Well, the main thing is we’re looking for projects that honestly need it. When projects are small, a lot of the time the DevOps benefit is more of adding bureaucracy on top of a very small thing. So there is a certain, call it critical mass that is necessary for DevOps to really benefit, usually larger projects, larger teams, or at least long-term projects. So firstly, we’re looking at that. And then, as that comes, we’re offering our assessments to them to let them know, “Hey, there’s this new concept it’s called DevOps. We have a whole brochure about it, it shows all the benefits it’ll help your project with. And we think it’ll really return your ROI on the software.” We recommend that to them. And then we go from there if that makes sense for their project.

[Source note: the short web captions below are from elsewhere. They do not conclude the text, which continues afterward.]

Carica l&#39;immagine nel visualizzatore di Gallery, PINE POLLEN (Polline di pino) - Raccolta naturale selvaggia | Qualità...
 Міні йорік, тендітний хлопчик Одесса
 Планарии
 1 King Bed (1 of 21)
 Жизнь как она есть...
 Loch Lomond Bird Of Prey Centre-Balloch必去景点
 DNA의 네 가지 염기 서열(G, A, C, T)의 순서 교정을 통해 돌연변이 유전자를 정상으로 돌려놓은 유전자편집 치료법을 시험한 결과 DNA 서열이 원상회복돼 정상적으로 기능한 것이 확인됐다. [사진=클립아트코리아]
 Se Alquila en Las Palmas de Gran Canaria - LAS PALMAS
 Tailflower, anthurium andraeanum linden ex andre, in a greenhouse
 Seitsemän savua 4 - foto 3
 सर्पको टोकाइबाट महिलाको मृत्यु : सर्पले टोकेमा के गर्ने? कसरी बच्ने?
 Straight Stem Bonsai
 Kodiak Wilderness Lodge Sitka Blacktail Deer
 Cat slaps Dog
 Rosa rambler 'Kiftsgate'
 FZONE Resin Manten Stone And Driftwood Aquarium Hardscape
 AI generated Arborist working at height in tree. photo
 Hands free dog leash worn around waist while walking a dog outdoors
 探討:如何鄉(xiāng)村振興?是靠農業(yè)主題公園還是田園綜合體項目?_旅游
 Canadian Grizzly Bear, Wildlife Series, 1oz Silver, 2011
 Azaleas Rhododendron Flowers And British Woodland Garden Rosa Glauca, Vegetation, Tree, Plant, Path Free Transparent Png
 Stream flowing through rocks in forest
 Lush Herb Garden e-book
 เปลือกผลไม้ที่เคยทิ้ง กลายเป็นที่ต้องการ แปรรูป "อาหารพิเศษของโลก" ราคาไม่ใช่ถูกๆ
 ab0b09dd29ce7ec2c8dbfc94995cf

And ideally, we’d love it to be the case for any project to have it on there because it makes our lives easier as administrators of making sure things are operating smoothly, but we have to be realistic with the goals of every client and we take that into account, but ideally, we try and get it wherever it can fit.

Cris:

That’s good. Well, hopefully, as we unpacked DevOps a little bit and how this benefits the teams, how it connects, and everything, hopefully, some people watching this will have some good takeaways and we’ll be able to help the projects that need it, start to have this concept of shifting processes a little bit to the left and having a much more continuous integration cycle.

Cody:

Absolutely. I don’t disagree.

Alexandra:

Thank you for joining us for this episode of Bixly Tech Tuesday, where Cris and Cody got to talk really about the importance of implementing DevOps and how it can improve your development team overall, and your software project overall, just the huge impact that it can have. If you have any questions, go ahead and leave them in the comment section down below and we’ll get right back to you.

Alexandra:

And don’t forget to check out the description box down below, we have a bunch of helpful links for you guys, including a link to our free custom software guide, as well as a link to our free DevOps guide and a link to our website, bixly.com. There’s a link right at the top of our website that says, “Start My Roadmap,” and that actually gets you a free 60-minute conversation with Cris to talk about your next app idea. Until next time, this has been an episode of Bixly Tech Tuesday.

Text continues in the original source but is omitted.